La cocina se realiza a mano con un sistema inspirado en Overcooked, pero sin presión de tiempo. Incluye cortar en la tabla, montar platos sobre la arena y asar a la parrilla sobre una fogata de madera a la deriva. El menú abarca desde ensaladas sencillas hasta pescado a la plancha, pizza y sopa de setas. Los platos sucios se devuelven al mar para lavarlos. El servicio se produce al mediodía, cuando se iza la bandera y llegan canoas con clientes como zorros que piden ensalada o búhos que solicitan pescado a la plancha. Los jugadores leen los pedidos, preparan los platos, los sirven calientes y recogen las propinas que quedan en la arena.
A medida que el restaurante crece, la gestión del personal añade profundidad. Se pueden contratar topos, ratones, erizos y gatos para roles específicos como regar cultivos, pescar, atender mesas o fregar platos. Es posible definir rutas, mejorar herramientas y pagar sueldos cada noche para que las operaciones sigan funcionando incluso sin la intervención directa del jugador.
Modos de juego
La experiencia principal se desarrolla en modo un jugador, donde una persona se encarga de todos los aspectos de la granja, la cocina y el servicio a su propio ritmo. El juego también permite cooperativo en línea para dos jugadores, que pueden repartirse las tareas: uno en la cocina y otro en el servicio y las entregas durante la hora punta del almuerzo.
No existen modos competitivos ni de desafío.
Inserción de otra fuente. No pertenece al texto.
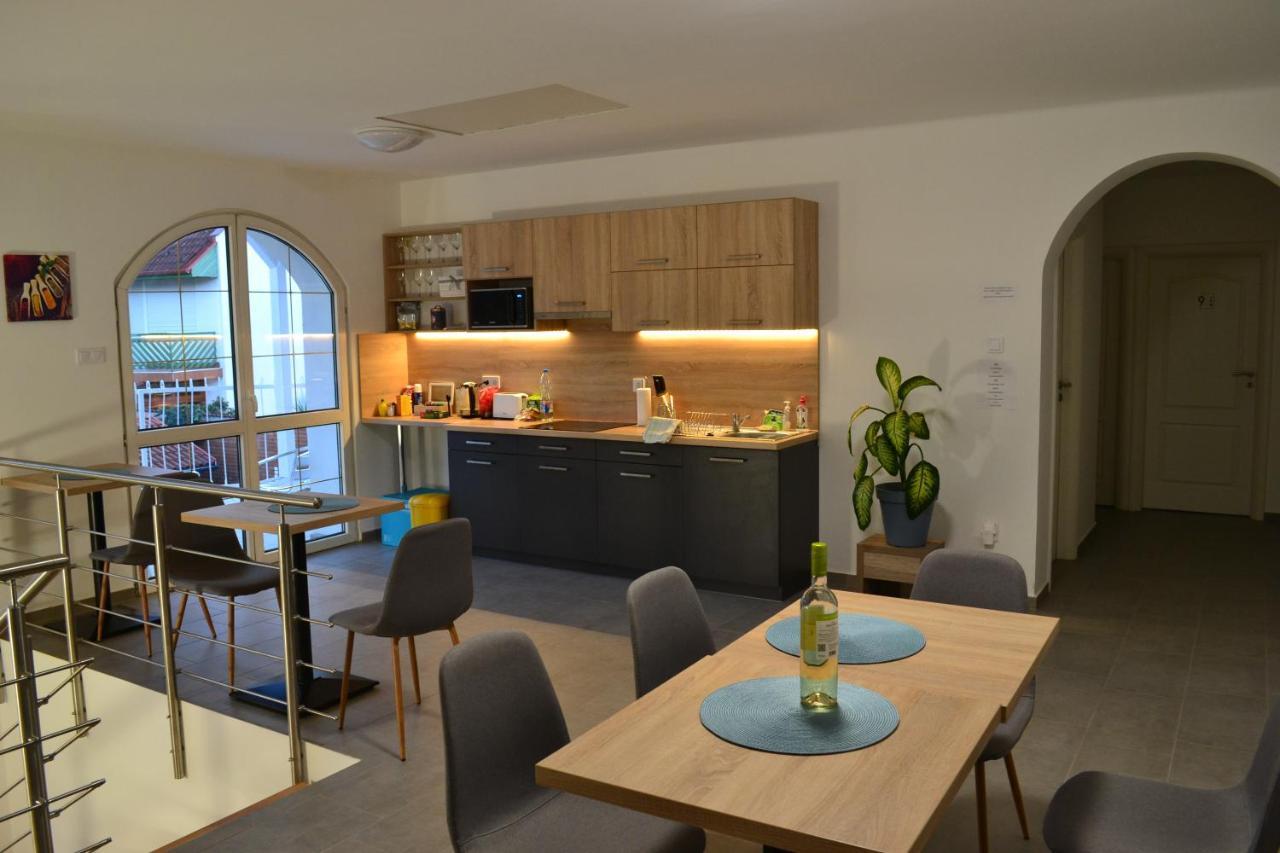 Fonix Design Rooms Debrecen Dış mekan fotoğraf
El foco está en la progresión constante a través de ciclos diarios de preparación, servicio y actividades de relajación al atardecer, como hacer surf o contemplar las estrellas con un telescopio. Los jugadores pueden bajar la bandera para saltarse un día entero si prefieren tomarse un descanso del servicio.
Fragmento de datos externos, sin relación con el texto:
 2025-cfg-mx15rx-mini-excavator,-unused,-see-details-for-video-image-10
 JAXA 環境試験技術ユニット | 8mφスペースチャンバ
Expansión de la isla y progresión
El progreso se logra recogiendo conchas para financiar el crecimiento de la isla. El personaje ballena eleva nuevas secciones de tierra desde el mar, cada una con una sorpresa única como un nuevo vecino, una tienda o un secreto. Estas adiciones aumentan el espacio disponible para más cultivos, mesas y personal. El menú se amplía de forma natural con nuevos ingredientes y recetas que se descubren en el camino. Una estrella Michelin espera al crítico grulla que visita el local cuando se cumplen los estándares.
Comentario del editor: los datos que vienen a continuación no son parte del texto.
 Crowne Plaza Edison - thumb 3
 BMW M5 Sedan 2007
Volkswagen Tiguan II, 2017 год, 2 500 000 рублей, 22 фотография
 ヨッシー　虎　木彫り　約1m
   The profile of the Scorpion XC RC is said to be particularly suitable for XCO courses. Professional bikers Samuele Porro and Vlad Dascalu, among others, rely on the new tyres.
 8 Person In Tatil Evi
Todo permanece dentro del entorno insular, con soporte completo para texto en inglés y hebreo, incluida la disposición de derecha a izquierda. La ausencia de podredumbre, deudas o contratiempos permanentes mantiene el enfoque en un crecimiento constante y agradable.
¿Merece la pena jugarlo?
Cubara: A Table by the Sea está pensado para quienes disfrutan de simuladores relajados de agricultura y cocina con elementos ligeros de gestión. El diseño sin estado de fallo, el sistema de personal animal y la opción de cooperativo lo hacen accesible tanto para partidas en solitario como para compartir con un amigo. Quienes buscan acción de alto riesgo o estrategia compleja pueden encontrar el ritmo demasiado suave, mientras que los aficionados a la vida isleña relajada y a la construcción incremental de un restaurante apreciarán el bucle diario constante y las sorpresas de expansión. El juego está disponible en PC y pone el acento en la libertad del jugador para marcar el ritmo sin presiones externas.